Zeitleiste (Ortszeit EST)
| Zeit | Ereignis |
|---|---|
| ~02:00 Uhr | Plötzlicher Anstieg von Spam im Community-Forum |
| 03:00–05:00 Uhr | Über 5.000 betrügerische Beiträge veröffentlicht; Datenbank beginnt zu platzen |
| 10:30 Uhr | WAF-Regel implementiert, um alle Forenbeiträge zu blockieren |
| ~12:00 Uhr | Erste Moderationsschritte für Beiträge hinzugefügt |
| +2 Tage | Rückgang des Bing-Verkehrs beobachtet und untersucht |
| +3 Tage | Bestätigung der Entfernung der Domain aus dem Bing-Suchindex; Bing-Support kontaktiert |
| +5 Tage | Bestätigung von Bing, dass die Domain wieder in den Suchindex aufgenommen wurde |
Das haben wir gelernt
- Menschliche Angriffe kümmern sich nicht um Ihr CAPTCHA. Automatisierte Schutzmechanismen wurden problemlos umgangen. Eine manuelle Überprüfung war notwendig.
- Fehlerhafte Daten verunreinigen alles – einschließlich KI. Interne KI-Systeme müssen über Schutzmechanismen gegen Aufnahme fehlerhafter oder nicht moderierter Daten verfügen.

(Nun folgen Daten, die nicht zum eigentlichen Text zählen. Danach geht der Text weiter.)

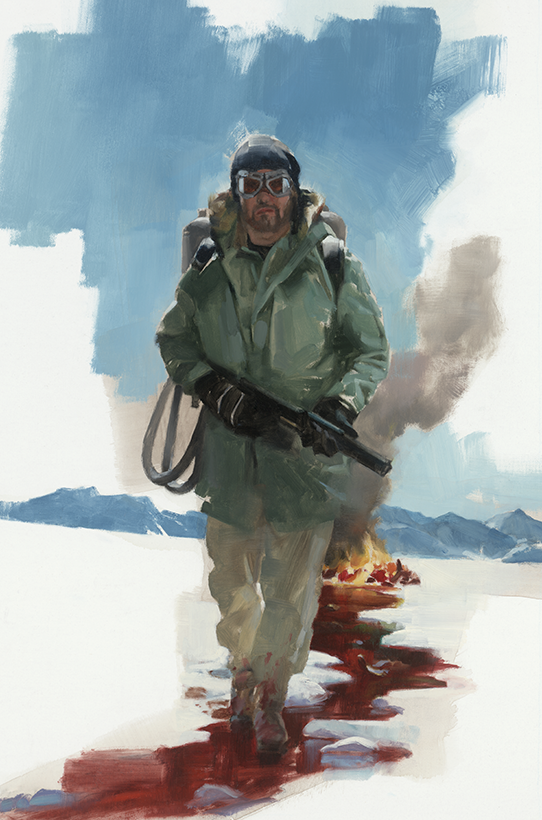 Frozen Hell Roman published by Areté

- Das Vertrauen in Suchmaschinen ist fragil. Eine Flut minderwertiger Inhalte kann schnell zu Ihrer Entfernung aus der Liste führen – und das ohne Vorwarnung.
- IP- und Passwortfilter sind gegenüber realen Angreifern schwach. Sie stehen in der Pyramide des Schmerzes weit unten und sind leicht zu umgehen.
- Unterschätzen Sie Bing nicht, nur weil es Google gibt. Den Wert einer Sache erkennt man erst, wenn man sie verliert – achten Sie auf Bing.
Abschließende Überlegungen
Dieser Vorfall hat uns daran erinnert, dass es bei der Sicherheit nicht nur darum geht, Bots zu stoppen – es geht darum, sich in die Lage Ihres Gegners zu versetzen, insbesondere wenn es sich dabei um Menschen handelt. Wenn Sie eine öffentliche Plattform betreiben, sollten Sie sich fragen: „Was passiert, wenn die Bösewichte keine Automaten sind?“ Möglicherweise müssen Sie es am Ende auf die harte Tour lernen, so wie wir.